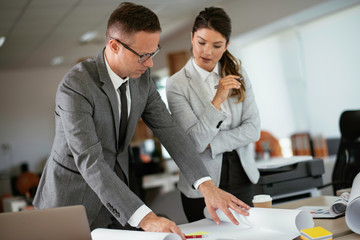 Colleagues in office. Businesswoman and businessman discussing work in office. 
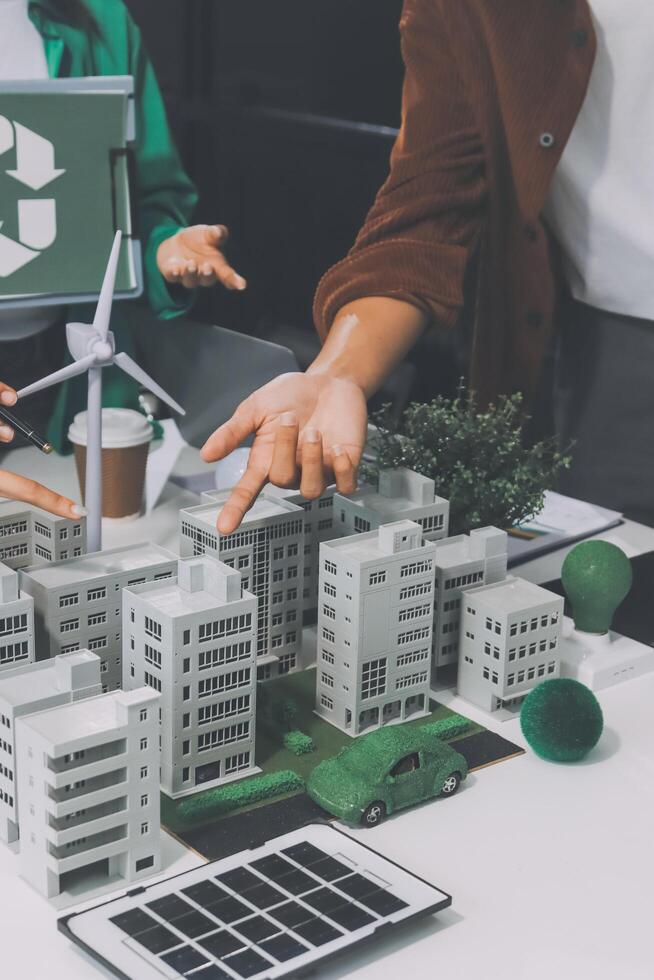 A man and woman are working on a model of a city with a recycling symbol photo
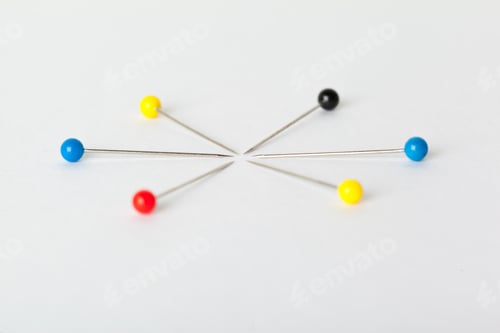 Preview: Colorful pushpins on a white board. School or business concept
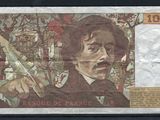 le recto d'un billet de banque sur lequel figure l'image d'un homme tenant un couteau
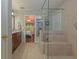 Bright bathroom view showcasing tiled floors, granite vanity, and frameless glass shower at 30 Joe Lee Dr, Sharpsburg, GA 30277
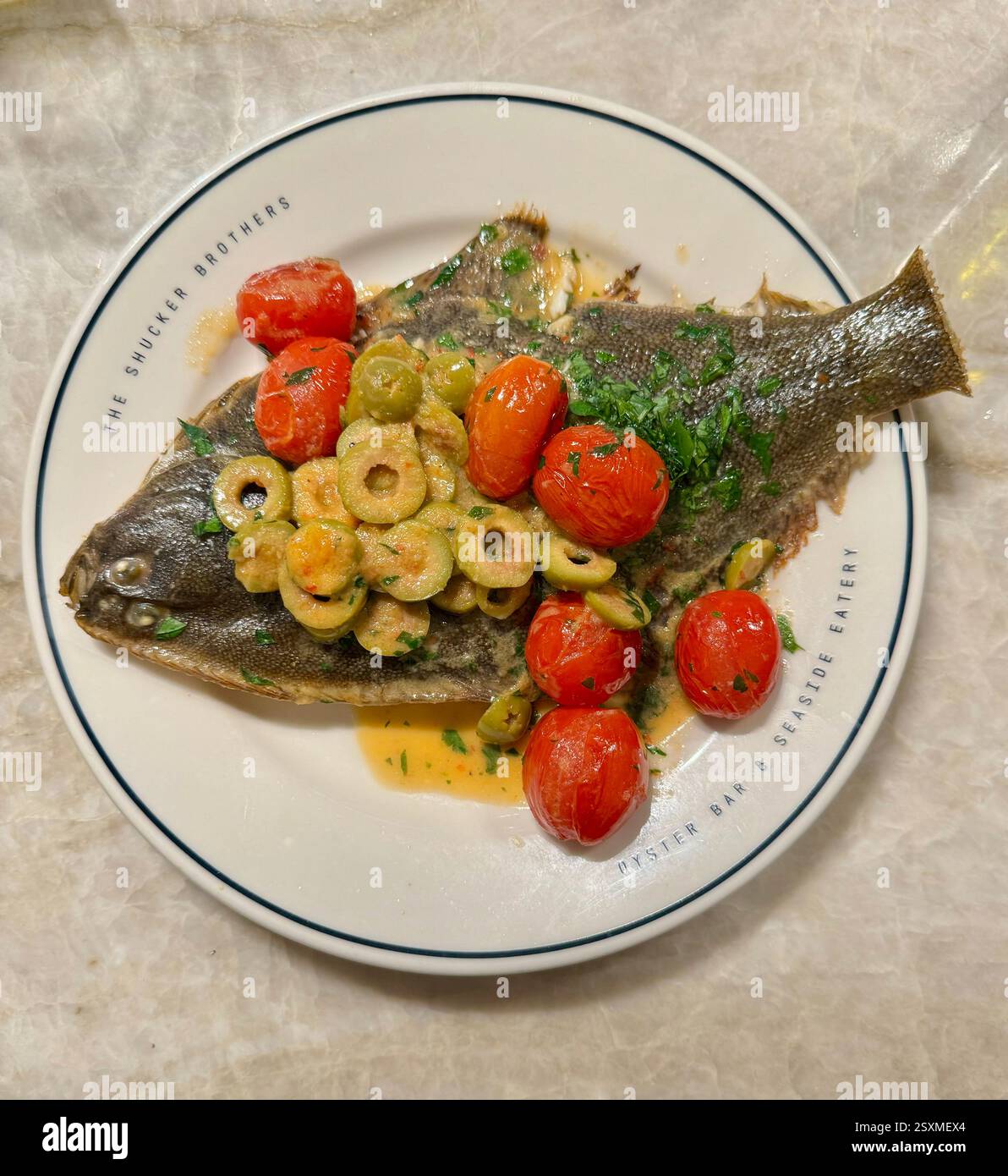 Grilled flounder fish at The Shucker Brothers Seafood Restaurant Auckland New Zealand - Smartphone Captured Stock Image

_TASK TO CARRY OUT_
Only lines belong in the copy: transcribe those from the start of the data through the line that contains "Preview: Colorful pushpins", and skip the pictures.

_ANSWER SPACE_
 Colleagues in office. Businesswoman and businessman discussing work in office. 
 A man and woman are working on a model of a city with a recycling symbol photo
 Preview: Colorful pushpins on a white board. School or business concept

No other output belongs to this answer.